Tell me about yourself. What’s your background?

Okay. Well, my name is Nyla Foster. I’m 31 years old. I was born and raised in Kansas City. I identify as a Black woman of trans experience. Professionally, I’m a youth case manager, a community organizer, and an artist. I also have a softer side of me,called Angel Iman, where I do trans performance and compete in pageantry. And I am the current Miss Black Trans International. The Black trans international pageantry system is a pageantry system that is bridging the gap between advocacy and pageantry and we advocate for Black trans equality. What I’m in now.. now I’m in college for America going back to get my degrees — I’ve done a lot of professional work related job experience, so now I’m just going to go credential to match my experience so I can get paid higher and get the positions that I deserve. And I just recently relocated and looking forward to a fresh start.

How would you define beauty?

I would say beauty in general would be confidence. Like just being able to show up fully and authentically as yourself is beautiful. I don’t think putting on this facade, putting on a pretty face that everyone thinks is beautiful, is the definition of beauty.

“I really like how everybody is embracing their culture and removing their mask of Eurocentric beauty.”

How would you define Black beauty? Black culture?

My mother, My grandmother. Dark skin, light skin — the different variations of how we are in color. Black beauty…I’ll also define it as our strength. Because, you know, we’ve always been strong. We’ve been taught that we are “less than”, not as beautiful as other races…So I think that the strength that comes with being a Black person is beautiful.

Right now, I really like how everybody is embracing their culture and removing their mask of Eurocentric beauty. And I see this through hairstyle, folks want to be more natural now, wear less makeup, even get connected to the land and become vegan. There’s a lot of Black folks becoming vegan and being conscious of food and things like that. I think it’s great for us to grow from that soul food tradition, we are being more mindful of things.

What societal pressures do you feel because of your race?

I would say the pressure to be above and beyond. I feel like, as Black folks, we alway have to go above and beyond to credit for something. Whereas I’m a non-Black person can be mediocre and get rewarded, we have to go above and beyond and we don’t get the reward or the recognition. So my societal pressure of being Black is always having to overachieve. Also, being a dark skin person. Just the pressures that come with that. Being treated a certain way by Black folks and non-Black folks, just being a Black person…a darker skin Black body.

“As a trans teenager, I was expelled from school for coming to school in my truth.”

Have you ever experienced of racism or discrimination? If so, any stories you would be willing to share?
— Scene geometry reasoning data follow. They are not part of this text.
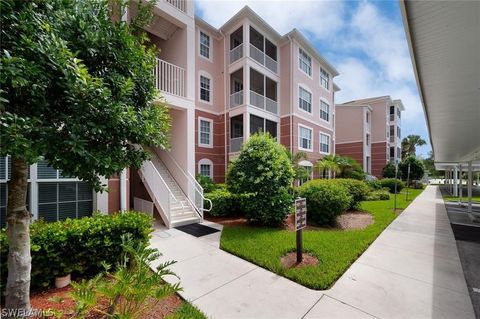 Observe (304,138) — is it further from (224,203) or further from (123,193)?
(123,193)

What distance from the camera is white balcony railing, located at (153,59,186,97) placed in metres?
8.93

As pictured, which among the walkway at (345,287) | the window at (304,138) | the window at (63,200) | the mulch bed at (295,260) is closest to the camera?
the walkway at (345,287)

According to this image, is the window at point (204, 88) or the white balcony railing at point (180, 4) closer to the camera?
the white balcony railing at point (180, 4)

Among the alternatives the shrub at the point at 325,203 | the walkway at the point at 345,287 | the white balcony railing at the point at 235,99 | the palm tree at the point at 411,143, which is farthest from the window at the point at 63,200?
the palm tree at the point at 411,143

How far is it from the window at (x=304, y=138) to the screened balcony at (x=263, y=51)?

I’ve experienced many instances of racism. Probably before at fast food restaurants and restaurants. And even when I had a car accident, a white man got into a car accident, and he called me a stupid n****r. Discrimination…just as a trans woman… As a trans teenager I was expelled from school for coming to school in my truth. I literally was expelled for being trans and I had to go to the after school program where I had to provide my own transportation…which led to me not finishing high school the traditional way. So what I actually did was get my GED and went to college.
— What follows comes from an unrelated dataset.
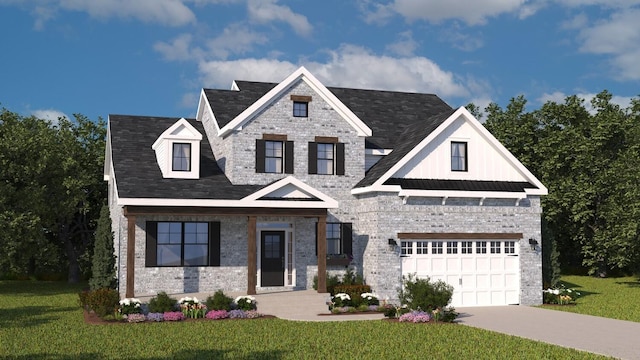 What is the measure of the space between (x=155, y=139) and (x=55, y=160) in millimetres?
8671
One of the reasons why I was so excited to talk to you is you have been such a huge advocate for the LGBTQ+ community. Where do you find the fire to speak out against descrimination?

I was, in a way, called to action. Nobody was around to kind of advocate for girls who look like myself. I was working with the Kansas City Anti-Violence Project — I was a volunteer, an intern, worked part time, full time…and eventually became a program manager. Working with the Kansas City Anti-Violence Project, I stepped up to the leadership and stepped into advocacy because it just happened. I actually went to school for fashion design and I ended up doing community work and social work and all these different things.And I think it’s just my natural calling. I’ve always been a caring person. I’ve always gone around and cared for folks, especially Black and trans folks. Even before I was affiliated with nonprofit agencies, I grew as a “go to” person, as a resource.
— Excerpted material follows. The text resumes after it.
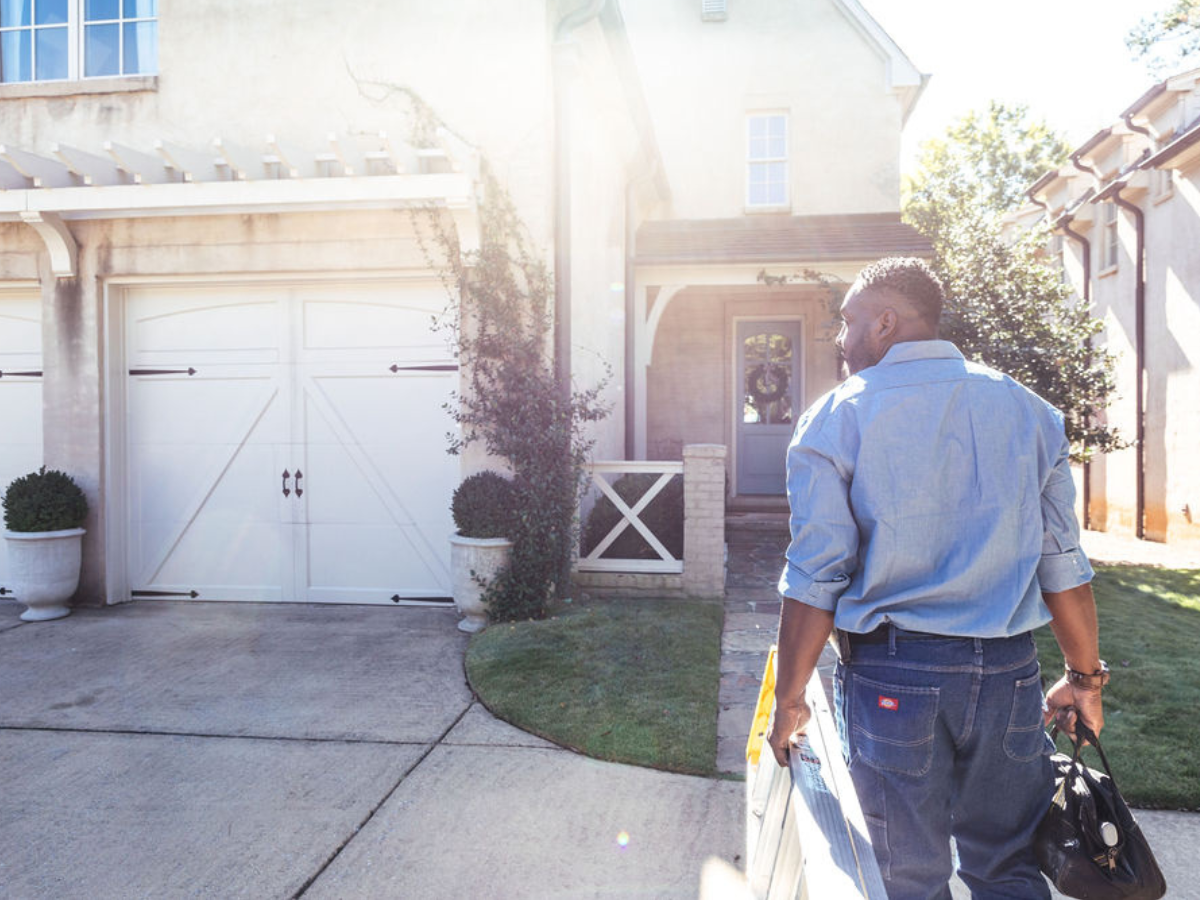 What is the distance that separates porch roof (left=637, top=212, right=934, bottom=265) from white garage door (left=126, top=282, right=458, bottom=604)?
171 inches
What do you feel you have accomplished in your life? What are you proud of?

I’m actually proud that I made it to age 31. I’ve seen a lot of my friends not make it and I am proud that I am still here and I plan to stay here. The average life expectancy of a Black trans woman at age 35. So each birthday I have, and heading towards 35, I’m really proud of being here and being knowledgeable and in how to save face and sharing those tools with other Black trans women so they could be here as well.

Nyla paying homage to Marsha P. Johnson on the June 2017 cover of Camp Kansas City. Photo by P. Shane Linden

You mentioned being crowned Miss Black Miss Black Trans International… What was that like becoming top queen?

Well, I competed three years and the two previous years I was the first runner up and it took some hard work — I have perfected my flaws…well not perfected…I actually looked at my feedback and set my emotions aside and was really critical in how I approached the pageant …and in that I was successful to capture the title and it feels amazing. I still have some more work to do in my reign, but I do give up the title May 7th. So, any girl out there who wants to do this work, feel free to reach out to me on Facebook — Angel Iman or Nyla Foster.

What are your personal dreams?

I want to relocate out of Kansas City. I’ve never left and I feel like every trans person should get a chance to experience life in a new city. I think that’s really, really important, to be able to go somewhere with folks who don’t know the origin of your gender or folks that you went at the school with who mis-gender you, that doesn’t happen to me a lot, but I would love to just go somewhere to start over new as the woman I am. And I have yet to do that, but I’m really hoping that I can do that pretty soon.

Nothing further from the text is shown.